Assigned task
Take the lines from the one containing "New Genuine Oem" through the final line below and restate them exactly. Omit the pictures.

BEGIN Data provided

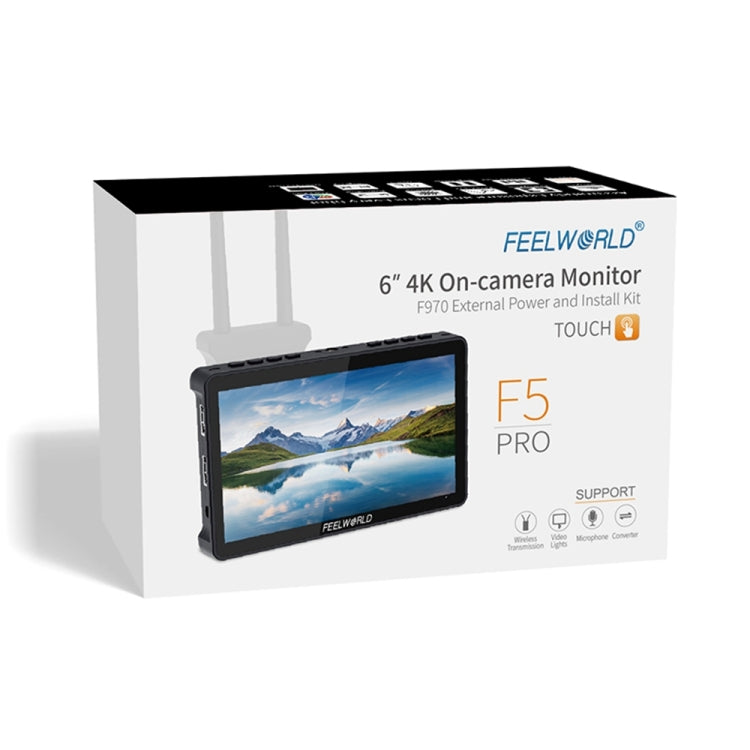 FEELWORLD F5 Pro V4 6 inch Touch Screen DSLR Camera Field Monitor 3D LUT 4K HDMI Input Output Tilt Arm - On-camera Monitors by FEELWORLD | Online Shopping UK | buy2fix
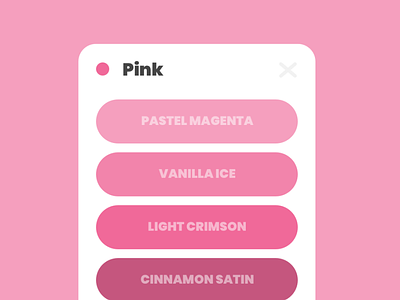Pink cards colors colorscheme swedish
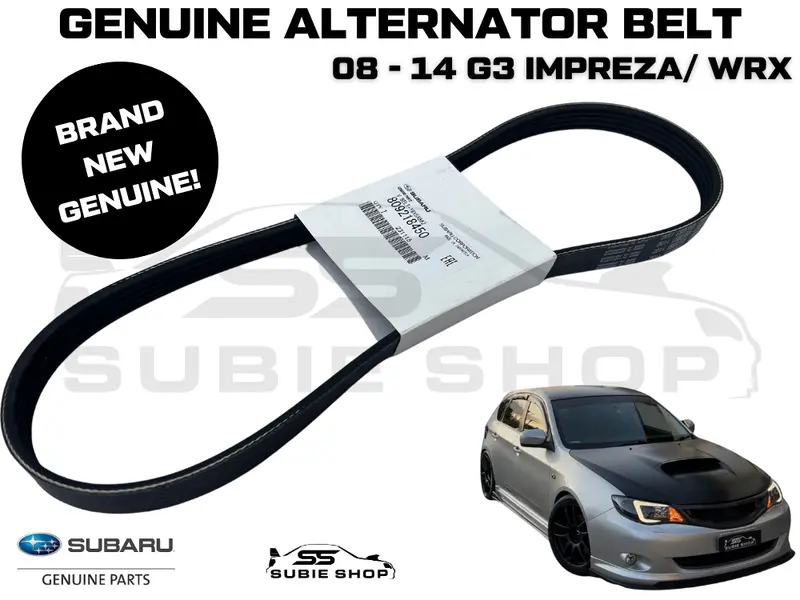New Genuine Oem Subaru Impreza Wrx G3 Ej255 Turbo 2008 - 2014 Alternator Belt 1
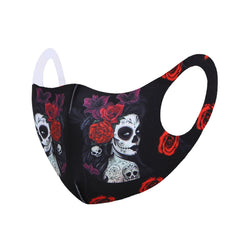 Fashion Face Mask / Party Fun Mask/ 3D Printed Funny Horror Mask-- Unisex No Filter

END Data provided

Task result
New Genuine Oem Subaru Impreza Wrx G3 Ej255 Turbo 2008 - 2014 Alternator Belt 1
 Fashion Face Mask / Party Fun Mask/ 3D Printed Funny Horror Mask-- Unisex No Filter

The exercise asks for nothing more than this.